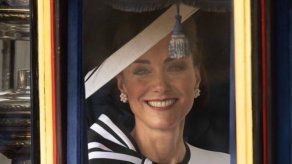 Kate Middleton participa del Trooping the Colour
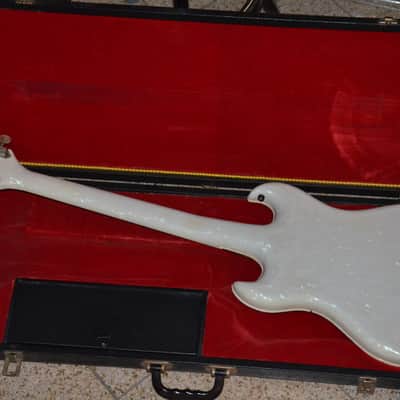 Hagstrom Hagström De Luxe Batman=real vintage1960=seen in J.Jarmusch's film 'Only Lovers Left Alive' image 19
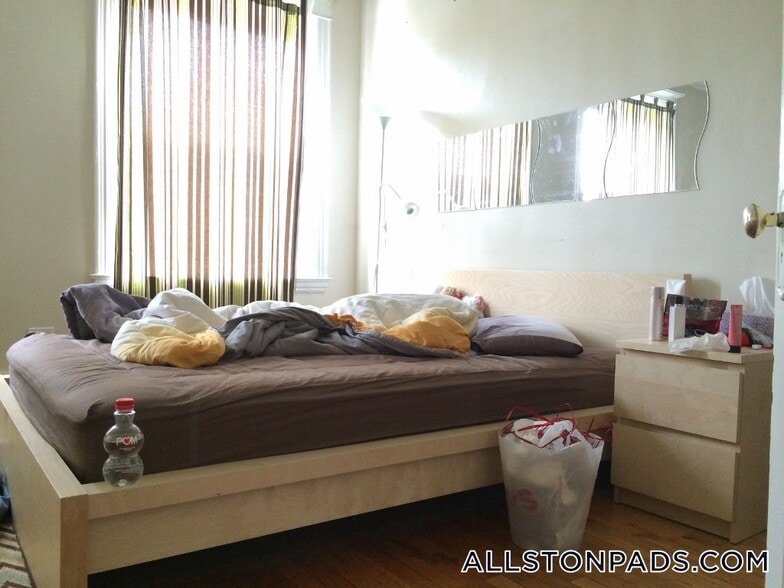 Building Photo - 46 Park Vale Ave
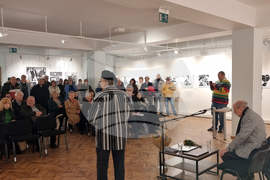 Ямбол - проф. Иван Газдов - изложба - откриване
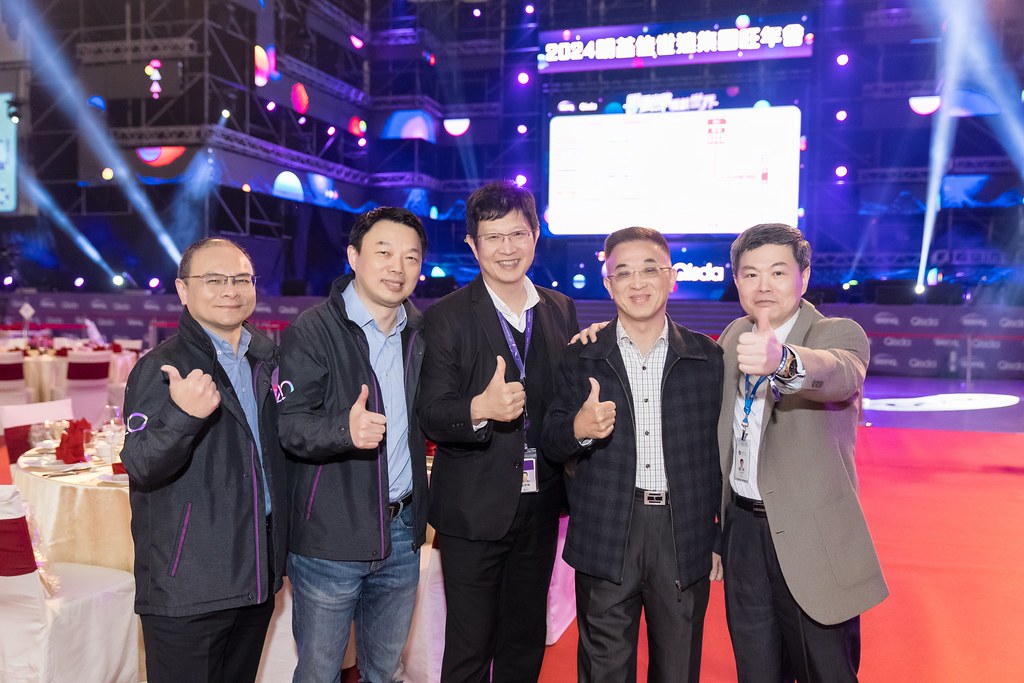 [活動攝影]2024明基佳世達集團旺年會-最專業的團隊完成每場完美活動攝影，拍的不只好更要快! #活動拍立得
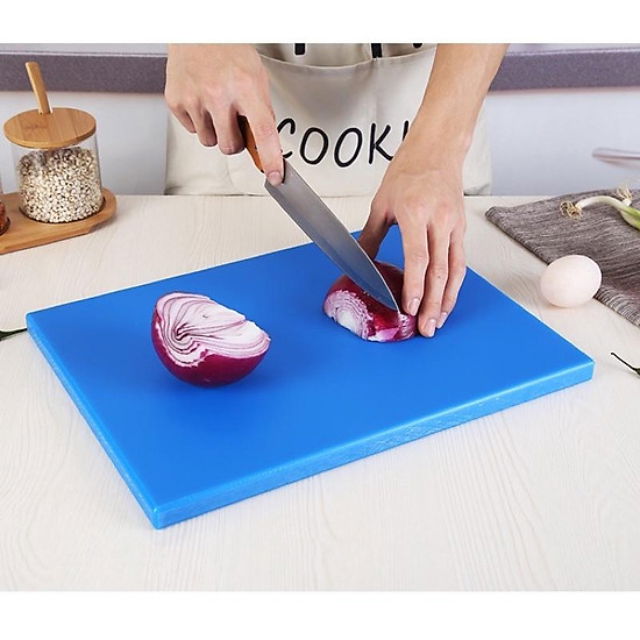 Nâng tầm bếp nấu với thớt nhựa PP an toàn, giá cực tốt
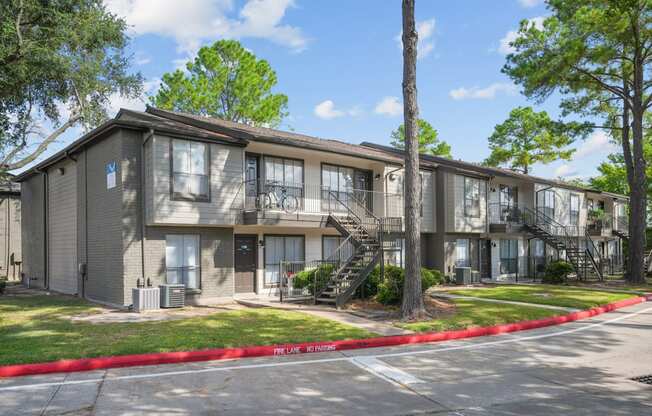 Willow Brook Crossing in Houston, TX Exterior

== == ==

(Instructions for the task) Every record above should be written out again exactly; the pictures stay out of the copy.

(Response area)
 Kate Middleton participa del Trooping the Colour
 Hagstrom Hagström De Luxe Batman=real vintage1960=seen in J.Jarmusch's film 'Only Lovers Left Alive' image 19
 Building Photo - 46 Park Vale Ave
 Ямбол - проф. Иван Газдов - изложба - откриване
 [活動攝影]2024明基佳世達集團旺年會-最專業的團隊完成每場完美活動攝影，拍的不只好更要快! #活動拍立得
 Nâng tầm bếp nấu với thớt nhựa PP an toàn, giá cực tốt
 Willow Brook Crossing in Houston, TX Exterior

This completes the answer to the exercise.